What kind of challenges, both short- and long-term, do you think the nascent NDB is facing?
We believe that the NDB will operate in a very different world from that in which most other major multilateral financial institutions were set up and operated. Conventional infrastructure is changing, as it is becoming "green" at an exponential rate, and "green" energy is increasingly economically viable in many countries.
To meet new requirements, the NDB will need to come up with new financial instruments, including local currency financing and lending, and form new collaborations with public and private sectors, local and global institutions, banks, and other actors. The bank will also need a new mindset of partnership with our members. We will operate with an emphasis on speed of project preparation and delivery, without compromising quality of course. We also require people who are not afraid to innovate and an appropriate organizational structure that ensures that the entire institution works as one.

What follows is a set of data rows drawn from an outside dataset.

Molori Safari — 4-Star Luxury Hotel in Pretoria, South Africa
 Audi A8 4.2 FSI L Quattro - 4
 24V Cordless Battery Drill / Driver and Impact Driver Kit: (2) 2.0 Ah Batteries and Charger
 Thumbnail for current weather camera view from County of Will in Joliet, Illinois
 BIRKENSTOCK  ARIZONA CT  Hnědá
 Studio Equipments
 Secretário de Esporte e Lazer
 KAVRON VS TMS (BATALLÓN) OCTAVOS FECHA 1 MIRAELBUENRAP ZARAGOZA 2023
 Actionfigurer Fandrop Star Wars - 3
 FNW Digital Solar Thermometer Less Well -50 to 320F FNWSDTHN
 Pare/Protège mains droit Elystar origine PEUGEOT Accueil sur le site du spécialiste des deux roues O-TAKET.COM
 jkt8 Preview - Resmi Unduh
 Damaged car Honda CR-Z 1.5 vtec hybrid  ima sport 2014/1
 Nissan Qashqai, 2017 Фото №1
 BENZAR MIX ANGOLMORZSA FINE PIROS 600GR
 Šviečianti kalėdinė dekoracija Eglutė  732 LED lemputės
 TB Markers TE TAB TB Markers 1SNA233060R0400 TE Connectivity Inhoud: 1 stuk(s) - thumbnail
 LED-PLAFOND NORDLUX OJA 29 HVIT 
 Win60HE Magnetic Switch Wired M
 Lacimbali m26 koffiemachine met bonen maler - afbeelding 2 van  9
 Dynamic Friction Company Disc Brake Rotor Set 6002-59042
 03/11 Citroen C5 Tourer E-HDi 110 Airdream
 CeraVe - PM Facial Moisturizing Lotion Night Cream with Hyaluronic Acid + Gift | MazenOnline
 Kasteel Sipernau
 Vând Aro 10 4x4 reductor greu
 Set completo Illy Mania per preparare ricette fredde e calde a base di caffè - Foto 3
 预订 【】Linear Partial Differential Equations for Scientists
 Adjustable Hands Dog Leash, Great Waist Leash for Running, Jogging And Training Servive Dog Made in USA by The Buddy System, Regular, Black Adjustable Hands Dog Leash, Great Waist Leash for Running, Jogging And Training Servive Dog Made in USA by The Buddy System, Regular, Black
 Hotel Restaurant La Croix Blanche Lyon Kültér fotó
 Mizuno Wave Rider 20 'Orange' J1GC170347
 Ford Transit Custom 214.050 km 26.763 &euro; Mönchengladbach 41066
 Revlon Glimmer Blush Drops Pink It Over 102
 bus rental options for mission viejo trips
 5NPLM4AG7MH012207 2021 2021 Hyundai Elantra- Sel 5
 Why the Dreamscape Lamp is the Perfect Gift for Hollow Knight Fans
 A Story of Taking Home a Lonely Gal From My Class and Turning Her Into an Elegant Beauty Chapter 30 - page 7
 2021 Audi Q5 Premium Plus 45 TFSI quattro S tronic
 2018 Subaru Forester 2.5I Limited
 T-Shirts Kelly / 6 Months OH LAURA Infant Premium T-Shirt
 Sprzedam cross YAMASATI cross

We anticipate that in the coming years the demand for financing from multilaterals—including the NDB—will increase. To meet this demand in our members, the bank should be able to leverage itself to raise the financing. Currently, we are engaging with global ratings agencies with the aim of receiving international ratings that will allow the NDB to mobilize resources from global capital markets.
To sum up, we look forward to further building on the foundation created during the first year of our work. The NDB will seek the continued support of our members and respond in a fast and flexible manner to their aspirations and interests in order to foster inclusive growth and development.